Notez la différence qu’il y a entre la chute d’un enfant et celle d’un adulte. Pour les enfants une chute n’a guère d’importance : ils trébuchent si souvent ! Et s’ils laissent couler de chaudes larmes, leur père leur explique : les hommes ne pleurent pas. Et l’incident est clos par l’effort que le gamin met à contenter son père.

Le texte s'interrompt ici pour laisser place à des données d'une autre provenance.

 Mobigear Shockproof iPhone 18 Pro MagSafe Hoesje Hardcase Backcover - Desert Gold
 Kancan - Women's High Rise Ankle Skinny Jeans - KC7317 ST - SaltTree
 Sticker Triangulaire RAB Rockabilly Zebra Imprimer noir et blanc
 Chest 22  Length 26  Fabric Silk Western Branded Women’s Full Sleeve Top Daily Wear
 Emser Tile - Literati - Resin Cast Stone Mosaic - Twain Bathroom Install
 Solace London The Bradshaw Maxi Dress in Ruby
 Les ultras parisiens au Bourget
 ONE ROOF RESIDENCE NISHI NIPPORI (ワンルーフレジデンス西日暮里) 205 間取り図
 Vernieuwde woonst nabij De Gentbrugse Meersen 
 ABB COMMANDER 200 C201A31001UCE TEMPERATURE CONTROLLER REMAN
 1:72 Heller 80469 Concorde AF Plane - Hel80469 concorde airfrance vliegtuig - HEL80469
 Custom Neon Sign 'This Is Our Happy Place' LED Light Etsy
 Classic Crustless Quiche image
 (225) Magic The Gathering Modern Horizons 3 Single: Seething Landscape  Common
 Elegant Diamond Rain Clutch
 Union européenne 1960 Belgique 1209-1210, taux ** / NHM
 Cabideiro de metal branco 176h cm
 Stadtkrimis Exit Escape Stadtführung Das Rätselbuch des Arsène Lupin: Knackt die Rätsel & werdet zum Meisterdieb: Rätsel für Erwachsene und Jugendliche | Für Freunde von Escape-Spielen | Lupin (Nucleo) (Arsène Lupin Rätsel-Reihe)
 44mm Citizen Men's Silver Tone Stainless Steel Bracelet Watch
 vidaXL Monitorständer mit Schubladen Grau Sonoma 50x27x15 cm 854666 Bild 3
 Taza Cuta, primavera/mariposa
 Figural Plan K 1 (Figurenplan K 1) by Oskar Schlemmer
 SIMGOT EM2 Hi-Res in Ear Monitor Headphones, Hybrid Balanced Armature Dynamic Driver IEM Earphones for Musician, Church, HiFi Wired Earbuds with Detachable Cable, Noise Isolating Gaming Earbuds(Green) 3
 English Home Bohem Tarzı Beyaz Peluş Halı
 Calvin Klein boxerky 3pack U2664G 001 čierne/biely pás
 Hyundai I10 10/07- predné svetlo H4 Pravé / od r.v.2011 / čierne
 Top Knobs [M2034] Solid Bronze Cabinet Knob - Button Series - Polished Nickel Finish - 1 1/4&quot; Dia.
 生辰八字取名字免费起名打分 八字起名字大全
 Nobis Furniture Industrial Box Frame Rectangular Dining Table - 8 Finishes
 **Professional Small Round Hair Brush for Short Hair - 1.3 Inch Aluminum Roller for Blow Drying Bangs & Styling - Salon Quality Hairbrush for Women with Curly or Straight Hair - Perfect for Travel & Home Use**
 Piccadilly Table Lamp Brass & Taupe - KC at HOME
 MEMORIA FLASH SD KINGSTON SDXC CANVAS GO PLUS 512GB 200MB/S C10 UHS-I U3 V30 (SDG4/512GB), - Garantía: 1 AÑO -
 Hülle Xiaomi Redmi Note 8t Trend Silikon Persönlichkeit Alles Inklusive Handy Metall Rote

Voyez, en revanche, ce qui se passe lorsqu’un adulte perd l’équilibre et se retrouve par terre. On serait pris d’un fou rire si la compassion ne nous retenait pas. Sans compter que la chute peut avoir des conséquences graves ; elle peut même provoquer une fracture irréparable chez un vieillard. Dans la vie intérieure nous avons intérêt à être tous quasi modo geniti infantes, tels des bambins, que l’on croirait de caoutchouc ; ils s’amusent, même quand ils trébuchent, car ils se relèvent aussitôt pour reprendre leurs pirouettes. Ils savent aussi qu’en cas de besoin leurs parents les consoleront.

Si nous essayons de nous comporter comme eux, nos faux-pas et nos échecs dans la vie intérieure, d’ailleurs inévitables, ne nous rendront jamais amers. Nous en serons peinés, certes, mais non découragés ; un sourire naîtra sur nos lèvres, comme l’eau pure de la source, quand nous nous souviendrons que nous sommes les enfants de cet Amour, de cette grandeur, de cette sagesse infinie, de cette miséricorde qu’est notre Père. J’ai appris, tout au long d’une vie au service du Seigneur, à devenir un tout petit enfant de Dieu. Et c’est ce que je vous demande. Soyez quasi modo geniti infantes, comme des enfants qui réclament la parole de Dieu, le pain de Dieu, l’aliment de Dieu, la force de Dieu, pour nous conduire dorénavant comme des chrétiens dignes de ce nom.